Maybe there’s a reason you’ve heard it many times.

We just hit it off; we just connect. There’s nothing wrong with two dudes connecting.

[Laughing]

We hear that all the time and I just want to say that there is nothing to that for anyone who is actually curious.

Now of course I believe you, but I just want to throw a few questions out there to be sure. Have you ever laid in bed together watching TV? Possibly more than once?

I mean, yeah.

OK, that’s all I need. Do you share your iPod headphones on bus trips?

I have.

Doesn’t each player get two seats to himself on all bus trips?

No, not all bus trips.

But the majority?

It depends.

So …

[Interrupts] You know what, I know where you’re going with this.

You see right through me.

We do not pair up when there are empty seats to be had.

I see, but when you can’t get your own two seats, why don’t you just use your own iPods and your own headphones?

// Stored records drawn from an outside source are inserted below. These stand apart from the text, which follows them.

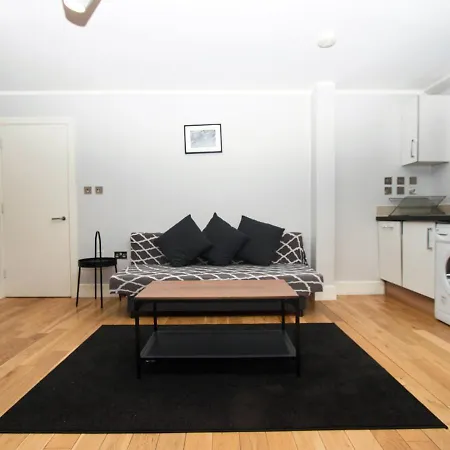 Westciti Caroco 4* Croydon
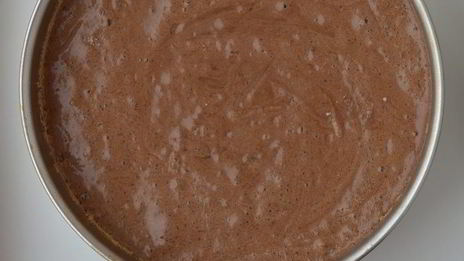 шоколадная шарлотка с грушей и корицей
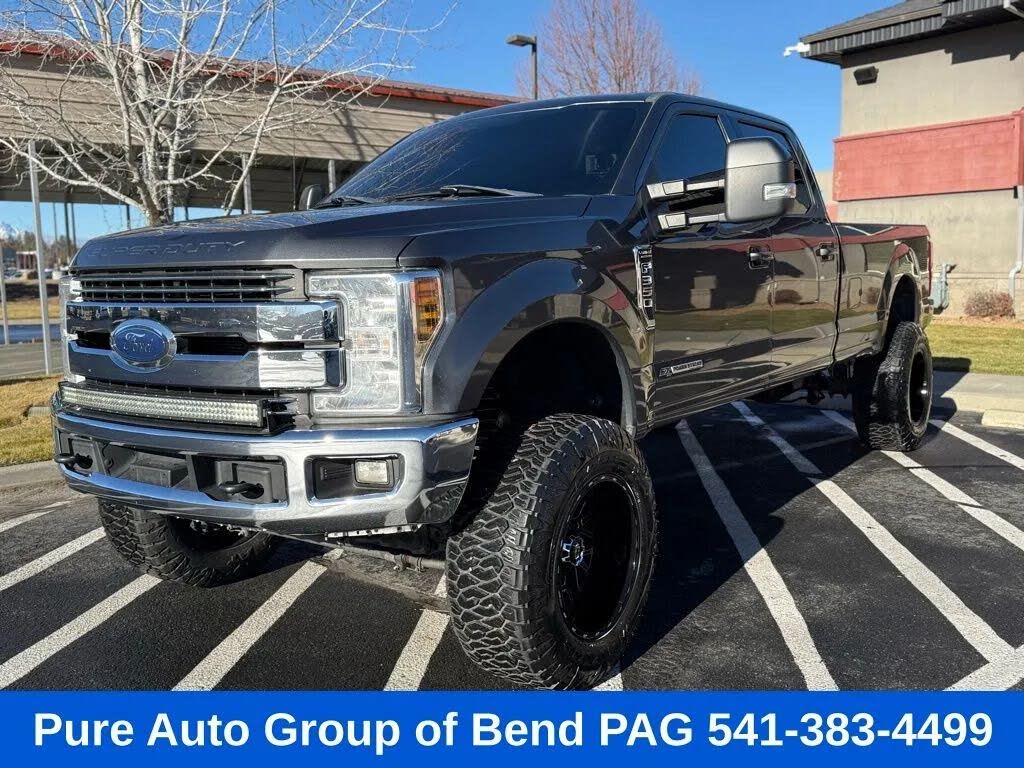 2018 Ford F-350 Super Duty Lariat Crew Cab LB 4WD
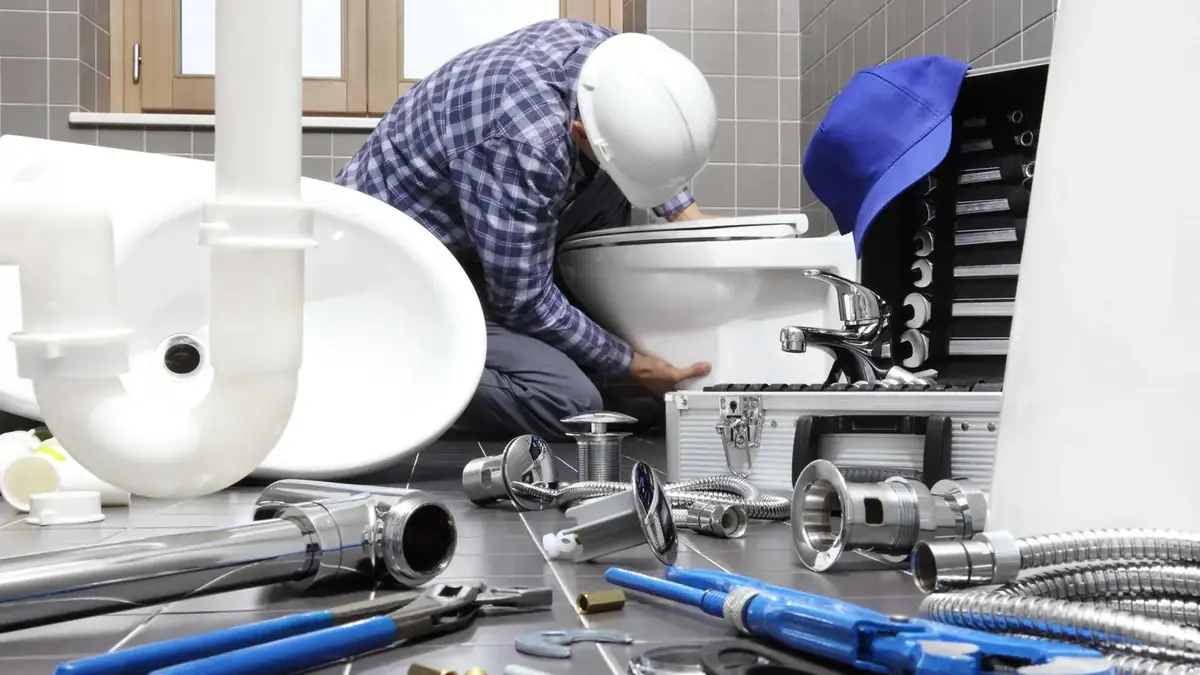 Instalador autorizado SEC trabajando en una red de gas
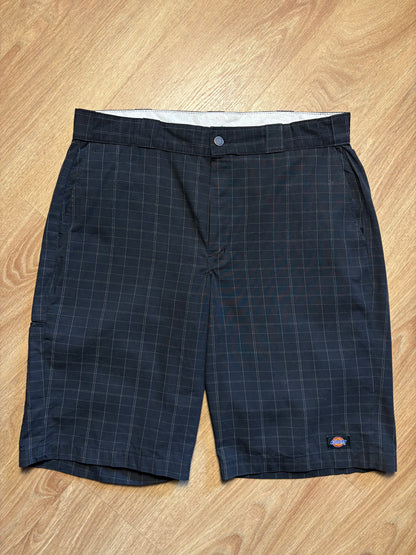 Vintage Dickies Workwear Baggy Black Checkered Shorts (38w)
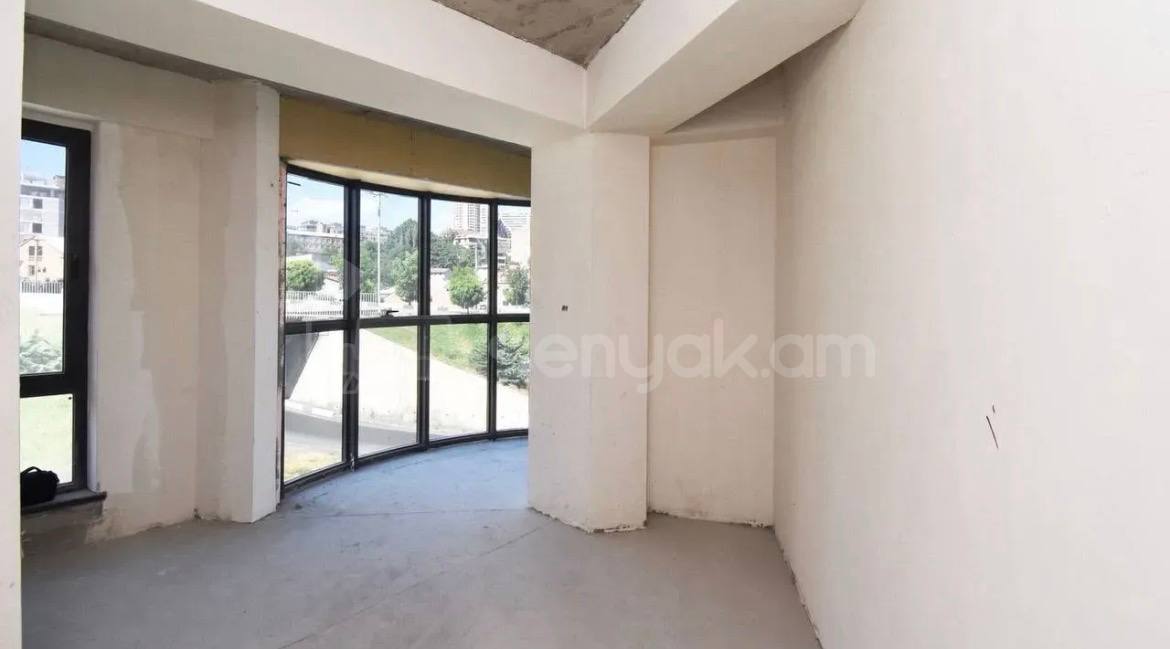 3 Սենյականոց Բնակարան, 78քմ, 4/14 հարկ, Զրոյական Վիճակում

It is just laziness on my part. I don’t always get my iPod out and he offers for me to listen to some music and I want to listen to some music.

That’s very sweet.

Yeah he’s a nice guy.

And finally, I want to say that you guys have been to quite a few of our parties and you do often roll through together. Would you say that is true as well?

We do roll through together but we never make it home together.

[Laughing] That was a good answer, very nice.

7. Speaking of iPods, what is on your iPod?

A lot of good music, a lot of popular …

What does that mean?

Mainly dance.

What?

I mean, hip-hop …

You consider hip-hop as dance music?

Not like techno just good beats to dance to.

So rap music?

Yeah mainly.

“Gangster hood rap” is what I heard from a number of sources.

[Laughing] I always get picked on for that, but I just have a tendency to listen to that kind of music. I don’t know what the big deal is. It is uplifting, there is nothing better than a good beat.

Interesting.

There are some pretty “crunk” songs, if you want to call it that, on my iPod.

I will. Do you have any soft stuff?

I do.

For example?

I’ve got some Jay Holiday on there, some old school R&B.

Do you ever sneak a little John Mayer or James Blunt in there to strengthen your relationship with Conor? You know, get the dual setup, and throw in a nice love song just to relax you before a big game?

Not John Mayer, but maybe something else.

8. Would you consider yourself the team clown?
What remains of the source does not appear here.